3 years 11 months 2 weeks ago Thursday, December 14 2017 Dec 14, 2017 December 14, 2017 3:24 PM December 14, 2017 in News
Source: Associated Press
Photo: Oktibbeha County Humane Society
STARKVILLE, Miss. - Sam, a black cat who was lost for four years, was reunited with his owner Jenny Bisson through the help of a microchip.
Sam was brought into the Oktibbeha County Humane Society by two men who found him in the county far away from the Bisson's home.
"This cat came in and he looked just like any of the other hundreds of cats that are brought in," OCHS Outreach Coordinator Sarah Buckleitner said. "The two gentlemen who brought him in mentioned they thought he may have a microchip."
Buckleitner said OCHS's procedure is to scan every animal for a microchip that is brought into the shelter.
"Sure enough he had a microchip," Buckleitner said. "Through that we were able to get in touch with his family, who were absolutely over the moon to find out he was alive and well, and they were totally blown away since it has been four years since they lost him."
Bisson was in disbelief when she got the call saying Sam had been found after being missing for four years.
"I got a phone call, and they were like 'We have your cat.
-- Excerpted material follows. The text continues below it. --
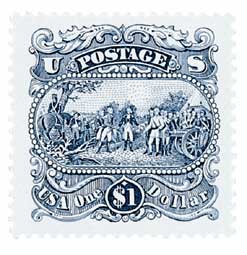 U.S. #2590 is based on an essay that was never used for the 1869 Pictorials. It was engraved by the most renowned stamp engraver of all time, Czeslaw Slania.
We found Sam,'" Bisson said. "I was like, 'What!'"
OCHS was able to contact and arrange a pick-up with Bisson, who now lives in Biloxi with her husband, and Sam was reunited with his family over the weekend.
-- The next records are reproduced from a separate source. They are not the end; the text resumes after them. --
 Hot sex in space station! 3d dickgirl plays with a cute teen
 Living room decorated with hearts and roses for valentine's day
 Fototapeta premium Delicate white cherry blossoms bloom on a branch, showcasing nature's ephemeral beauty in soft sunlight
"We arranged a pickup, and the woman was crying and absolutely couldn't believe we found him," Buckleitner said.
According to Buckleitner, microchipping an easy and valuable tool in reuniting lost animals with their families.
"Microchipping is really accessible," Buckleitner said. "You can get it done at your veterinarian and a lot shelters and rescue organizations will hold annual vaccination and microchip clinics where you can get it done really inexpensively."
OCHS holds a vaccination and microchipping clinic each fall.
"The amazing thing about microchips is that you wave that wand over an animal, and you have its information," Buckleitner said. "It takes two seconds, its noninvasive and it can't be taken off or lost like a collar can. It basically ensures your animal can get home even years and years after the fact."
Sam's return to his family after four years and over 200 miles shows how successful microchipping pets can be.
"It's just amazing," Bisson said. "Really remarkable."